(Short text fragments from websites)
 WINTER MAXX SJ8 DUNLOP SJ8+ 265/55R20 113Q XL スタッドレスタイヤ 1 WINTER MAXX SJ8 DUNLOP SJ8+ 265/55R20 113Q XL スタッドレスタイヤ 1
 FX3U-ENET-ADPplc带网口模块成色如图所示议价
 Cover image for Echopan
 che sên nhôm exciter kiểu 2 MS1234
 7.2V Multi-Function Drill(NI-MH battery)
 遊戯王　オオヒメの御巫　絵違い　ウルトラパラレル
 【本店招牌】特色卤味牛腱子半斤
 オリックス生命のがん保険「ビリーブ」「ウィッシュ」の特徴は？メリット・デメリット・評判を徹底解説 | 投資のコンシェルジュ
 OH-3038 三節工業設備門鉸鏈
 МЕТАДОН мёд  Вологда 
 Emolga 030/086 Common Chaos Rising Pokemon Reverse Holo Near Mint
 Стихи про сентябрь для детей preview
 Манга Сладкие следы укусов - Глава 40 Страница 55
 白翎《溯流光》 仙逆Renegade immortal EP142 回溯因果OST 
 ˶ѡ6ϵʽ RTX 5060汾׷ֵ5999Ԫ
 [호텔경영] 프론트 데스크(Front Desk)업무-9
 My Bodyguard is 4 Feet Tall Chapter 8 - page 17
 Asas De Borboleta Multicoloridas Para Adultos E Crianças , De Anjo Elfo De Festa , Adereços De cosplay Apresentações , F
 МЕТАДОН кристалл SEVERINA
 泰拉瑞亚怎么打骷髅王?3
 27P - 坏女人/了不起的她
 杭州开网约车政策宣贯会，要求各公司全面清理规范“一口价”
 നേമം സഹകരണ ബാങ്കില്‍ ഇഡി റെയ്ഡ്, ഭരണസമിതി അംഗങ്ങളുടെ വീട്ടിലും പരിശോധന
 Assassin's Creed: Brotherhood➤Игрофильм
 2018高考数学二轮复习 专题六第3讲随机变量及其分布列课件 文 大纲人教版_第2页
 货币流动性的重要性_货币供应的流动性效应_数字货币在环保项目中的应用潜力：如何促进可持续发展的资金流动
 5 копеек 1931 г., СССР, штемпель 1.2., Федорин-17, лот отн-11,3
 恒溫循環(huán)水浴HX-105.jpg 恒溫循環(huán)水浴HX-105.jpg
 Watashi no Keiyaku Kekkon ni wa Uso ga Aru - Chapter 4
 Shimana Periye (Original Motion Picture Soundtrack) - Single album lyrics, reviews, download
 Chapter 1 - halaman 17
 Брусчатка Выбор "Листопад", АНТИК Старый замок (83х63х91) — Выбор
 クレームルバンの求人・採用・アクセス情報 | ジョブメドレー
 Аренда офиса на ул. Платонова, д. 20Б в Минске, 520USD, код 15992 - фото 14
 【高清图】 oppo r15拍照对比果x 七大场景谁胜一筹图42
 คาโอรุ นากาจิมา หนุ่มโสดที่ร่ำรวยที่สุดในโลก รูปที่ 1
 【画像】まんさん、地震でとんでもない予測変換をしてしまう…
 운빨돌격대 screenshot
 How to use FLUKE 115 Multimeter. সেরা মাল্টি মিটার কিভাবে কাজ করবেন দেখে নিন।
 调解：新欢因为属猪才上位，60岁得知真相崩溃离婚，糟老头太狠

- **Exercise brief**: Every record must be written out again without any change.

- **Answer box**:
 WINTER MAXX SJ8 DUNLOP SJ8+ 265/55R20 113Q XL スタッドレスタイヤ 1 WINTER MAXX SJ8 DUNLOP SJ8+ 265/55R20 113Q XL スタッドレスタイヤ 1
 FX3U-ENET-ADPplc带网口模块成色如图所示议价
 Cover image for Echopan
 che sên nhôm exciter kiểu 2 MS1234
 7.2V Multi-Function Drill(NI-MH battery)
 遊戯王　オオヒメの御巫　絵違い　ウルトラパラレル
 【本店招牌】特色卤味牛腱子半斤
 オリックス生命のがん保険「ビリーブ」「ウィッシュ」の特徴は？メリット・デメリット・評判を徹底解説 | 投資のコンシェルジュ
 OH-3038 三節工業設備門鉸鏈
 МЕТАДОН мёд  Вологда 
 Emolga 030/086 Common Chaos Rising Pokemon Reverse Holo Near Mint
 Стихи про сентябрь для детей preview
 Манга Сладкие следы укусов - Глава 40 Страница 55
 白翎《溯流光》 仙逆Renegade immortal EP142 回溯因果OST 
 ˶ѡ6ϵʽ RTX 5060汾׷ֵ5999Ԫ
 [호텔경영] 프론트 데스크(Front Desk)업무-9
 My Bodyguard is 4 Feet Tall Chapter 8 - page 17
 Asas De Borboleta Multicoloridas Para Adultos E Crianças , De Anjo Elfo De Festa , Adereços De cosplay Apresentações , F
 МЕТАДОН кристалл SEVERINA
 泰拉瑞亚怎么打骷髅王?3
 27P - 坏女人/了不起的她
 杭州开网约车政策宣贯会，要求各公司全面清理规范“一口价”
 നേമം സഹകരണ ബാങ്കില്‍ ഇഡി റെയ്ഡ്, ഭരണസമിതി അംഗങ്ങളുടെ വീട്ടിലും പരിശോധന
 Assassin's Creed: Brotherhood➤Игрофильм
 2018高考数学二轮复习 专题六第3讲随机变量及其分布列课件 文 大纲人教版_第2页
 货币流动性的重要性_货币供应的流动性效应_数字货币在环保项目中的应用潜力：如何促进可持续发展的资金流动
 5 копеек 1931 г., СССР, штемпель 1.2., Федорин-17, лот отн-11,3
 恒溫循環(huán)水浴HX-105.jpg 恒溫循環(huán)水浴HX-105.jpg
 Watashi no Keiyaku Kekkon ni wa Uso ga Aru - Chapter 4
 Shimana Periye (Original Motion Picture Soundtrack) - Single album lyrics, reviews, download
 Chapter 1 - halaman 17
 Брусчатка Выбор "Листопад", АНТИК Старый замок (83х63х91) — Выбор
 クレームルバンの求人・採用・アクセス情報 | ジョブメドレー
 Аренда офиса на ул. Платонова, д. 20Б в Минске, 520USD, код 15992 - фото 14
 【高清图】 oppo r15拍照对比果x 七大场景谁胜一筹图42
 คาโอรุ นากาจิมา หนุ่มโสดที่ร่ำรวยที่สุดในโลก รูปที่ 1
 【画像】まんさん、地震でとんでもない予測変換をしてしまう…
 운빨돌격대 screenshot
 How to use FLUKE 115 Multimeter. সেরা মাল্টি মিটার কিভাবে কাজ করবেন দেখে নিন।
 调解：新欢因为属猪才上位，60岁得知真相崩溃离婚，糟老头太狠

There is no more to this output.